We can find undisputed evidence of this by looking not that far back in history.
It took humans 200,000 years to think about God, soul, nature, world, life, and themselves. Our ancestors wrote million tons of Literature on all these topics and we still haven’t figured out any of these.
There’s more food wastage in the world than ever before although a large number of people are dying in hunger, malnutrition, and gross food shortage.
Although we know we are depleting Earth’s limited resources at a break-neck speed, there’s more over-production than ever before and more over-consumption than ever before!
For the sake of energy and resource conservation, we request the poor to consume less who already consumes way less, while we shut our eyes to the rich who keep consuming exorbitantly.
We invented the first atomic bomb in 1938 and the world’s first nuclear explosion occurred on July 16, 1945.
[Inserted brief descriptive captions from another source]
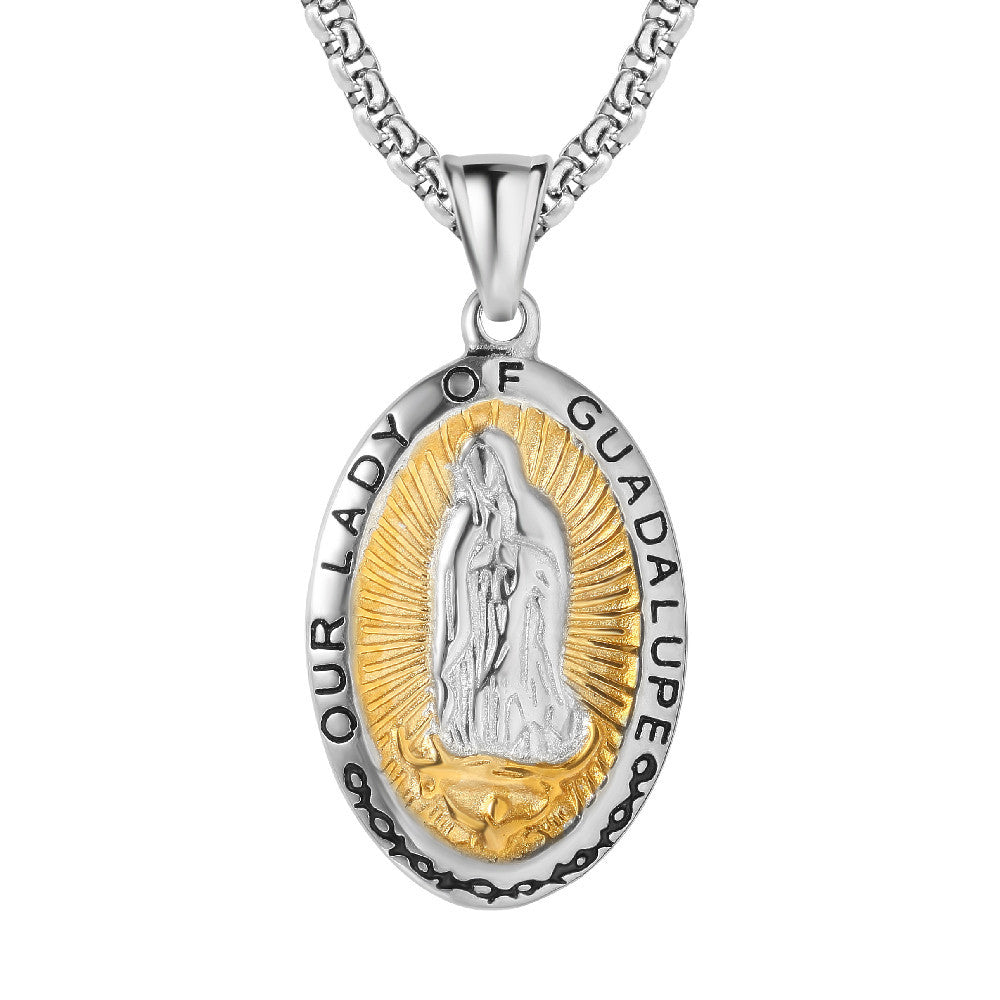 Virgin Titanium Steel Pendant Unisex Protection Statement Jewelry By Planderful For Fashion Conscious Wearers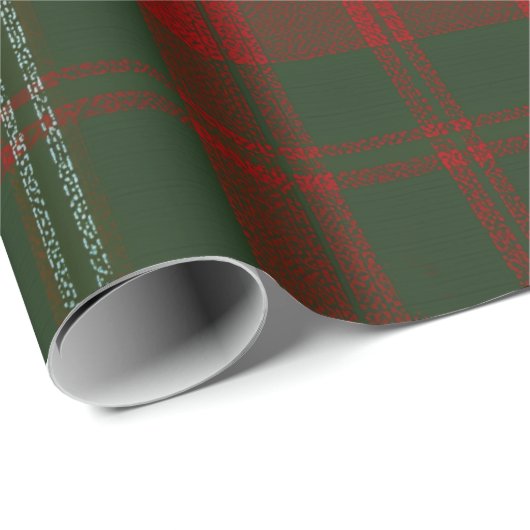 Elegant Christmas Plaid Geschenkpapier (Rolleneckpunkt)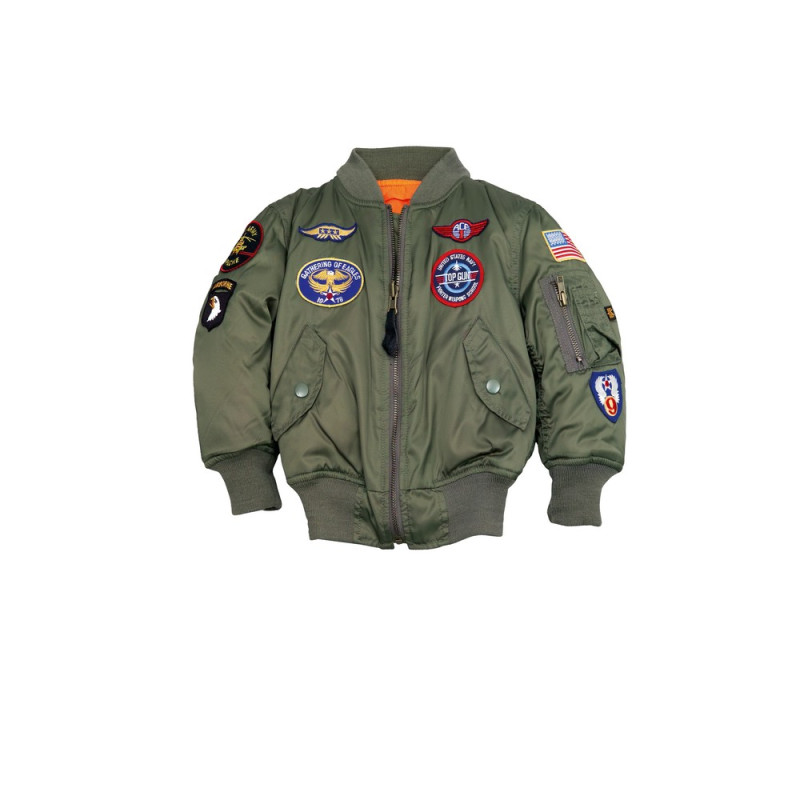 MA-1 Patch Youth - sage green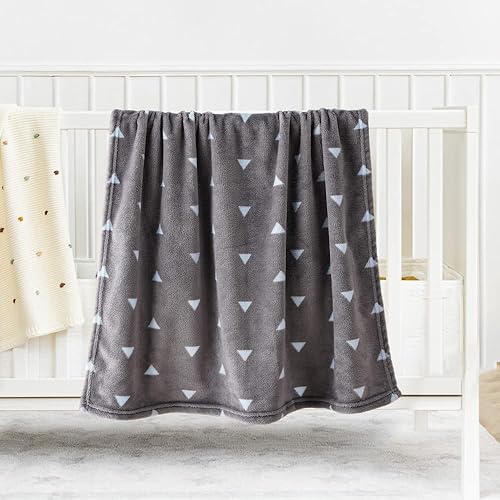 Miniatura 4 de Bunnikins & Clover Manta de Bebé de Franela de Felpa Ligera Súper Suave para Niños y Niñas, Manta de Forro Polar Floral para Niños, Mantas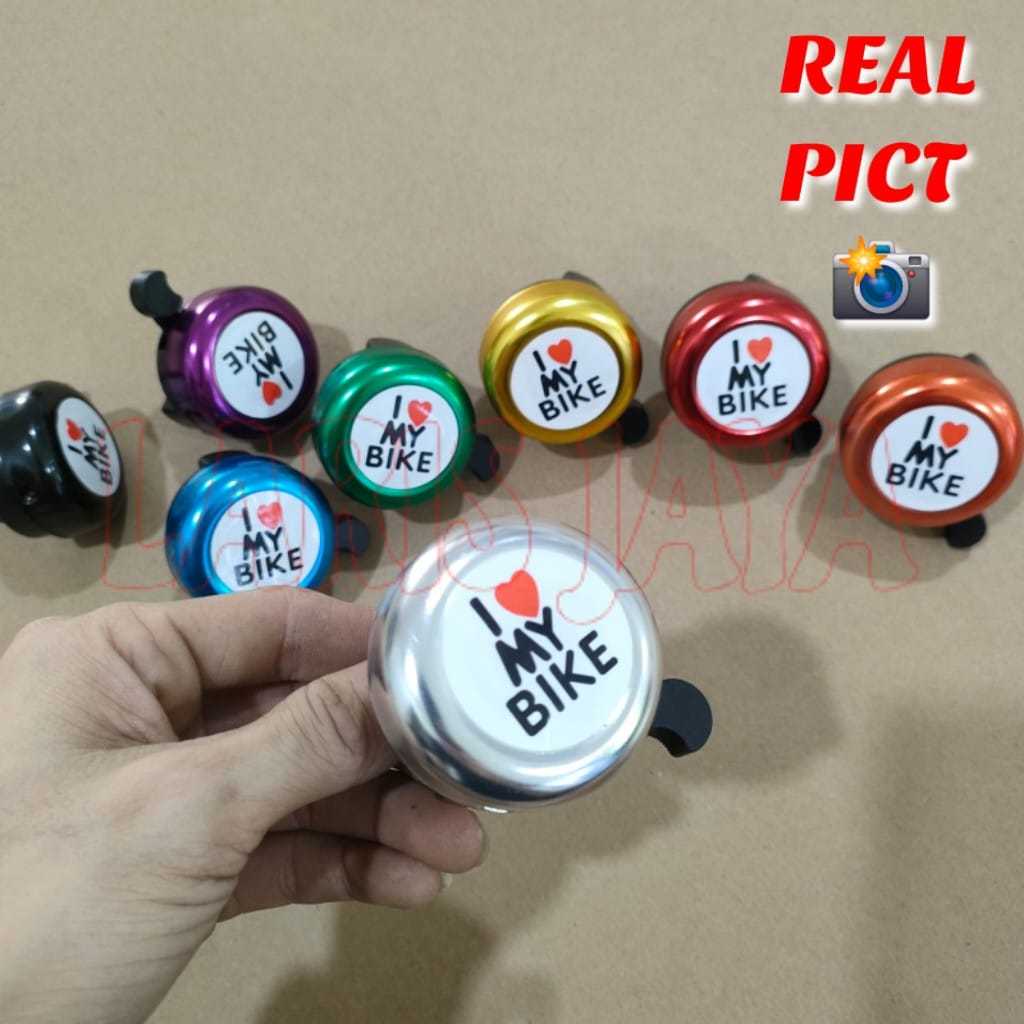 BELL KRING KRING I LOVE MY BIKE bell sepeda kring kring bel kring kring nyaring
The concept of capitalism has many debated roots, but fully-fledged capitalism is generally thought by scholars to have emerged in Northwestern Europe, especially in Great Britain and the Netherlands, in the 16th to 17th centuries.
Ever since we have plundered our planet-destroying what we love. Heating what is useful to us. We oppose what is good for us. Then, we love what is bad for us. We adore what is damaging to us. We follow what is deceitful.
We believed we were invincible, most intelligent, and just the best.
Then Corona showed us how very weak, unprepared and vulnerable we are.
With all the information we have been able to gather to help fight the virus – there are still some who cannot follow the rules. This is the height of stupidity.
So we are intelligent but only to a certain degree.
There are conflicting ideas about how intelligence is measured.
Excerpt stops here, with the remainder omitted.